[Crawled caption data]
"""
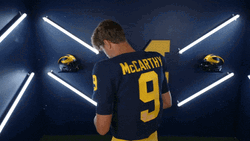 Jj Mccarthy Smiling While Holding Football GIF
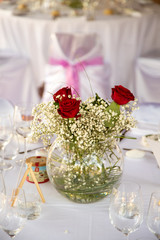Décoration de table avec des roses rouges le jour d'un mariage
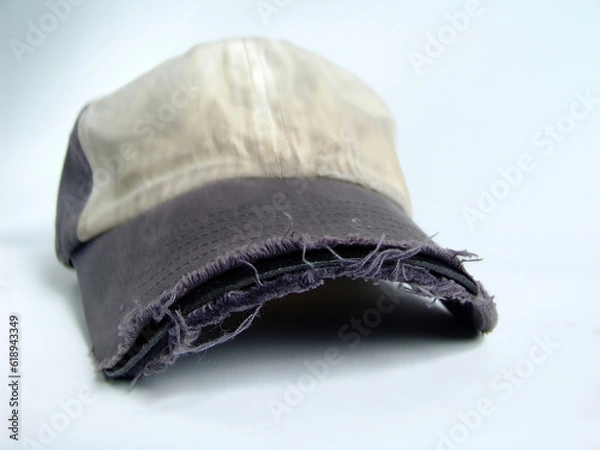 Fototapeta Old, worn and frayed baseball hat on solid background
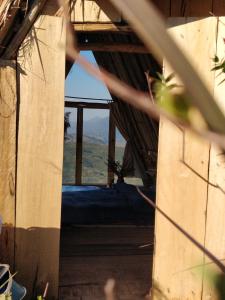 an open door to a room with a view at Imani Eco Sky Lodge Ngoc Chien in Nam San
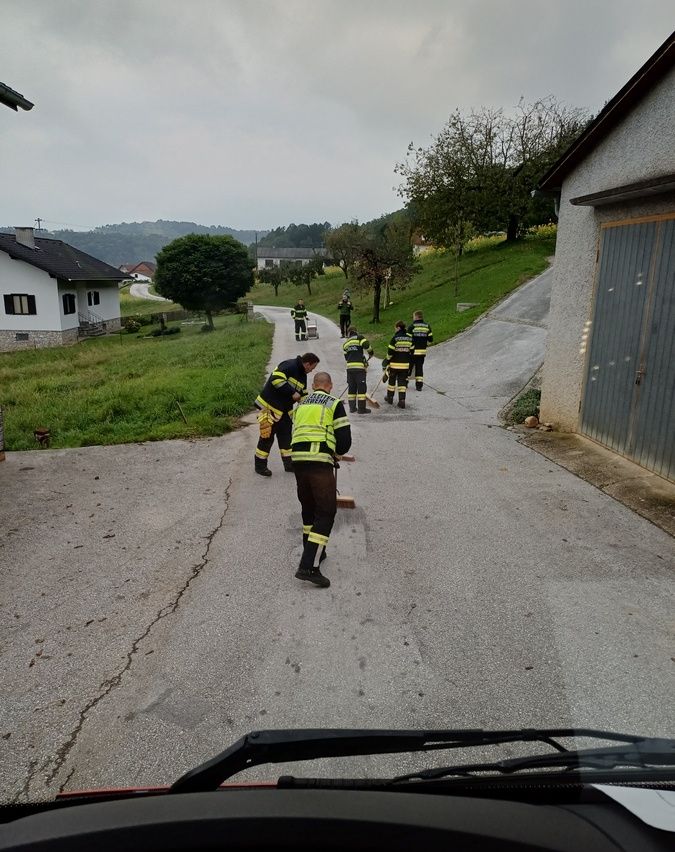 Eine Gruppe von Feuerwehrleuten in gelben und schwarzen Uniformen geht eine Straße entlang. Einige halten Besen. Im Hintergrund ein Haus und ein grünes Feld.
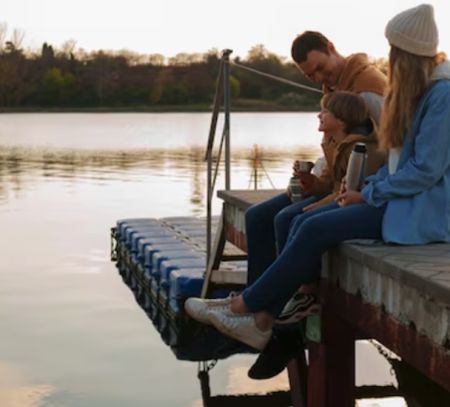 family fishing on pier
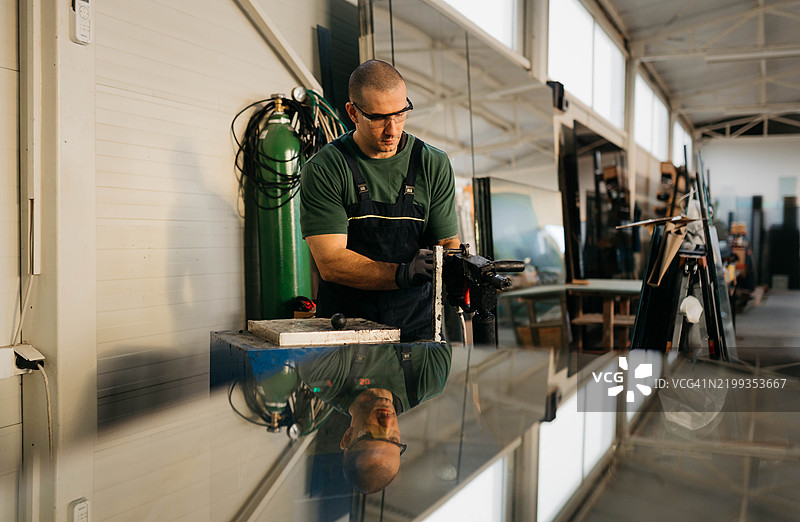 年轻帅气的玻璃切割工图片素材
"""
* Exercise aim
Could you retype every line above exactly as it appears, skipping the pictures?

* Expected answer
 Jj Mccarthy Smiling While Holding Football GIF
Décoration de table avec des roses rouges le jour d'un mariage
 Fototapeta Old, worn and frayed baseball hat on solid background
 an open door to a room with a view at Imani Eco Sky Lodge Ngoc Chien in Nam San
 Eine Gruppe von Feuerwehrleuten in gelben und schwarzen Uniformen geht eine Straße entlang. Einige halten Besen. Im Hintergrund ein Haus und ein grünes Feld.
 family fishing on pier
 年轻帅气的玻璃切割工图片素材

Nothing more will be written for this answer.